All Products
Search
Document Center

E-MapReduce:Data Import FAQ

Last Updated:Mar 26, 2026

Common questions about data import methods, performance tuning, and error resolution for StarRocks on EMR.

Common issues

How do I select an import method?

See Overview for a comparison of all available import methods.

What are the factors that affect import performance?

The main factors are:

  • Server memory: More tablets consume more memory. Follow How do I determine the number of tablets? to estimate tablet size.

  • Disk I/O and network bandwidth: 50–100 Mbit/s is a suitable network bandwidth range.

  • Batch size and frequency:

    • For Stream Load, set batch size to 10–100 MB.

    • For Broker Load, no batch size limit applies — use it for large batches.

    • Keep import frequency low. For a serial SATA (Serial Advanced Technology Attachment) HDD, do not exceed one import job per second.

"close index channel failed" or "too many tablet versions"

Cause: High import frequency prevents compaction from keeping up, causing the number of unmerged data versions to exceed the default limit of 1,000.

Fix: Use one or both of the following approaches:

Reduce import frequency: Increase batch size so fewer import jobs run per unit of time.

Speed up compaction: Set the following parameters in the be.conf file of each backend (BE) node:

cumulative_compaction_num_threads_per_disk = 4
base_compaction_num_threads_per_disk = 2
cumulative_compaction_check_interval_seconds = 2

"Label Already Exists"

Description: An import job with the same label is already running or has finished in the same database.

Cause: The most common cause is HTTP client retry behavior. Stream Load imports data over HTTP. When StarRocks doesn't return a result fast enough, some HTTP clients automatically retry the same request. StarRocks then rejects the second request because the first is still in progress.

Fix: Investigate the source of the duplicate label:

  1. Search the primary frontend (FE) node log by label. If the label appears twice, the client sent two requests.

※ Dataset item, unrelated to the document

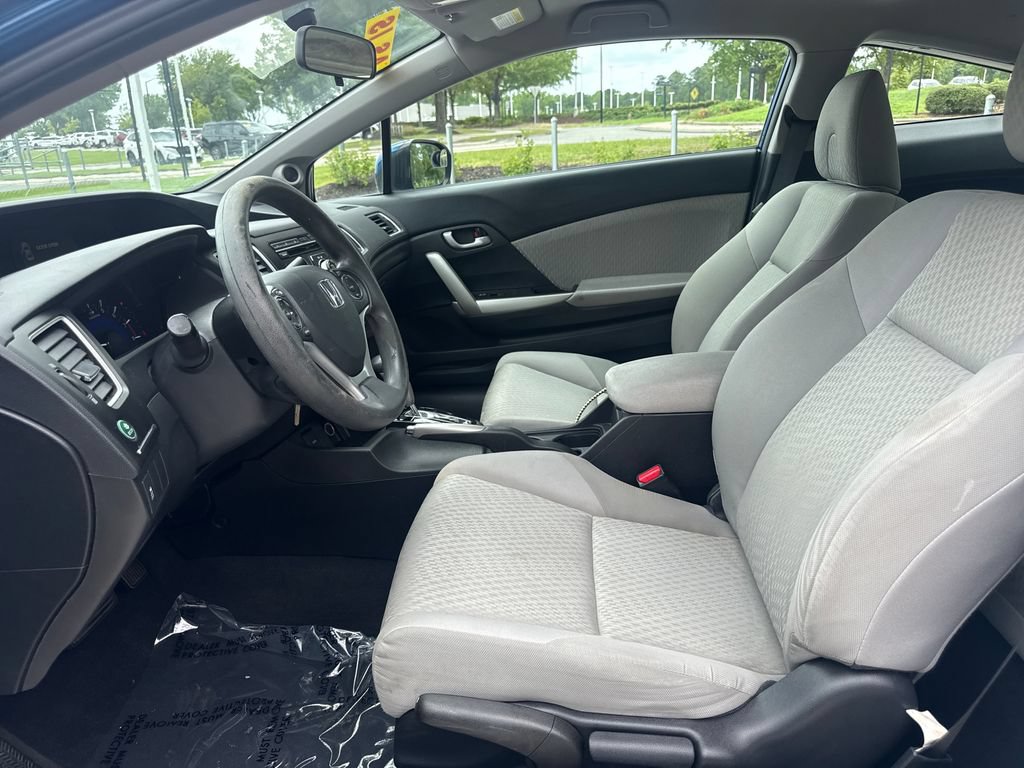 Used 2015 Honda Civic LX image 12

  2. Run SHOW LOAD WHERE LABEL = "xxx" to check whether a FINISHED job already holds this label.

Labels are not scoped to a specific import method. Two jobs using different methods (for example, Stream Load and Broker Load) can conflict on the same label.

To prevent retries, estimate your import duration based on data size and set the HTTP client timeout to exceed that duration.

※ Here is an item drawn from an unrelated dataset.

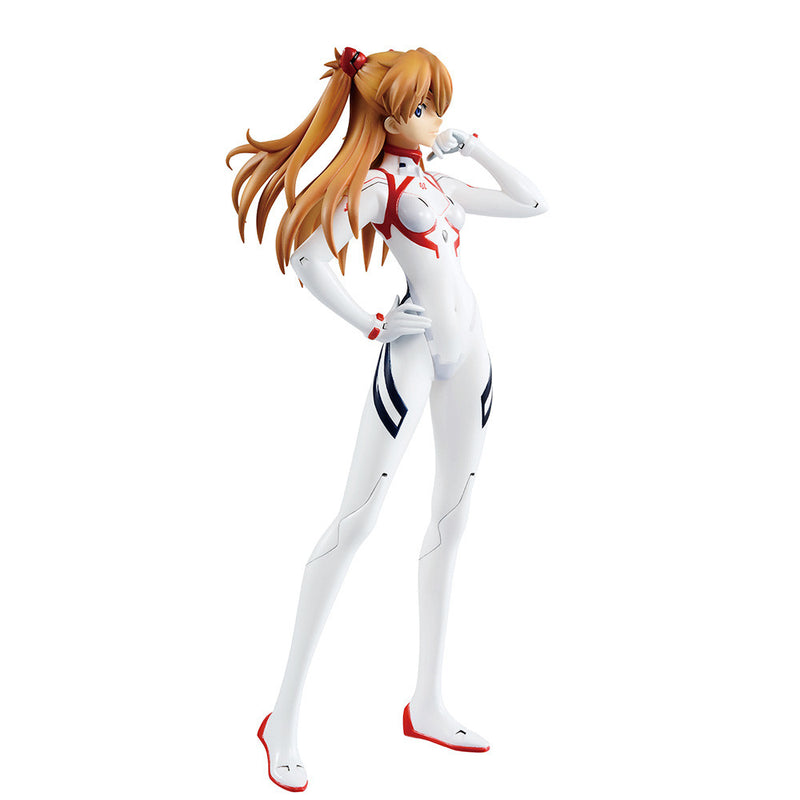 Ichiban Kuji "Rebuild of Evangelion" ~EVA-13 Starting!~ Last One Prize Souryuu Asuka Langley Last One ver.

"ETL_QUALITY_UNSATISFIED; msg:quality not good enough to cancel"

Run SHOW LOAD, find the URL in the output, and open it to see the specific error. Common errors include:

ErrorMeaning
convert csv string to INT failedA column value can't be converted to the target data type (for example, abc into a numeric column).
the length of input is too long than schemaA string exceeds the column's defined length, or an INT value exceeds 4 bytes.
actual column number is less than schema column numberAfter splitting by delimiter, fewer columns were produced than expected — usually a delimiter mismatch.
actual column number is more than schema column numberAfter splitting, more columns were produced than the schema defines.
the frac part length longer than schema scaleThe decimal part of a DECIMAL column value exceeds the defined scale.
the int part length longer than schema precisionThe integer part of a DECIMAL column value exceeds the defined precision.
there is no corresponding partition for this keyA partition key value falls outside all defined partition ranges.

RPC timeout during data import

Check the write_buffer_size parameter in be.conf. This parameter sets the maximum memory block size for the BE node (default: 100 MB). If the value is too large, remote procedure call (RPC) timeouts can occur. Adjust write_buffer_size relative to the tablet_writer_rpc_timeout_sec parameter. See Parameter configuration for details.

"Value count does not match column count"

Cause: The delimiter in your import command doesn't match the delimiter in the source data. For example:

Error: Value count does not match column count. Expect 3, but got 1. Row: 2023-01-01T18:29:00Z,cpu0,80.99

In this case, the source data uses commas (,) as the delimiter, but the import command specifies a tab (\t). StarRocks reads all three comma-separated fields as a single column.

Fix: Change the delimiter in your import command to match the source data and retry.

"ERROR 1064 (HY000): Failed to find enough host in all backends. need: 3"

Add "replication_num" = "1" to the table properties when you create the table.

"Too many open files" in BE logs

  1. Increase the system's file handle limit.

  2. Reduce base_compaction_num_threads_per_disk and cumulative_compaction_num_threads_per_disk (default: 1 each). See Modify configuration items.

  3. If the issue persists, scale out the cluster or reduce import frequency.

"increase config load_process_max_memory_limit_percent"

Check and increase load_process_max_memory_limit_bytes and load_process_max_memory_limit_percent. See Modify configuration items.

tablet open failed

Stream Load

Can Stream Load identify column names in the first row?

No. Stream Load treats the first row as regular data — it cannot identify or skip column headers.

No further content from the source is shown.